How QA Fits in Agile
Traditional software development placed QA at the end of the process. Development built the software for weeks or months, and QA received it just before the release deadline to find as many defects as possible before shipping. This model treated quality as a filter — something applied at the exit to catch what development missed.
Agile fundamentally inverts this relationship. In a well-functioning Agile team, QA is not a phase that happens after development — it is a mindset that runs throughout the entire sprint. The QA engineer participates from the moment a story is conceived, challenges requirements for testability before a single line of code is written, tests alongside development as features are built, and contributes to retrospectives to improve the process for next sprint.
This shift from gatekeeper to quality owner is the most important conceptual change for QA engineers moving from Waterfall to Agile. The gatekeeper model gives QA power through approval authority. The quality owner model gives QA influence through early collaboration. The quality owner model is far more effective — and far more demanding. It requires QA engineers to have strong communication skills, domain knowledge, and the ability to work at the speed of the sprint.
The continuous testing mindset means testing never stops.

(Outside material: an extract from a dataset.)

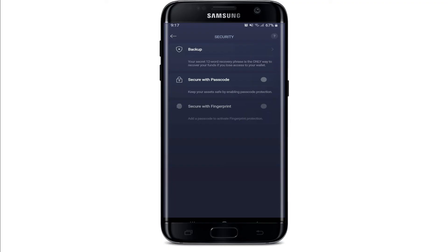Now that your wallet is safely backed up, you can start receiving any blockchain assets that Exodus supports. If you don't currently have any crypto, you'll need to acquire some. If you own an iOS device that supports Apple Pay, you can buy Bitcoin directly inside the wallet. If you are using Android, you'll need to find somewhere else to get crypto.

Between sprint ceremonies, during development, in pull request review, in CI pipelines, in exploratory sessions — quality verification is constant rather than periodic. This requires automation for repetitive regression, manual exploratory sessions for new functionality, and API testing woven into the development cycle itself.
Scrum Cycle — Architecture Diagram
The Scrum cycle is a two-week loop. QA participates actively in every phase:
The critical detail in this diagram is "Dev + QA parallel." In Agile, QA does not wait for all stories to be complete before testing begins. As soon as a story is marked ready for testing, QA picks it up — often while development is still working on the next story. This parallel workflow compresses the testing timeline and surfaces bugs while the developer still has the context to fix them quickly.
Scrum Ceremonies for QA
Sprint Planning
Sprint Planning is where the team selects stories from the backlog and commits to completing them in the upcoming sprint. QA's specific contributions in Sprint Planning:
- Effort estimation input: QA estimates testing effort alongside development. A story that looks like 3 points of development work might be 5 points total when testing complexity is included. Complex integration scenarios, test data setup, and environment dependencies all add testing time that is invisible unless QA speaks up in planning.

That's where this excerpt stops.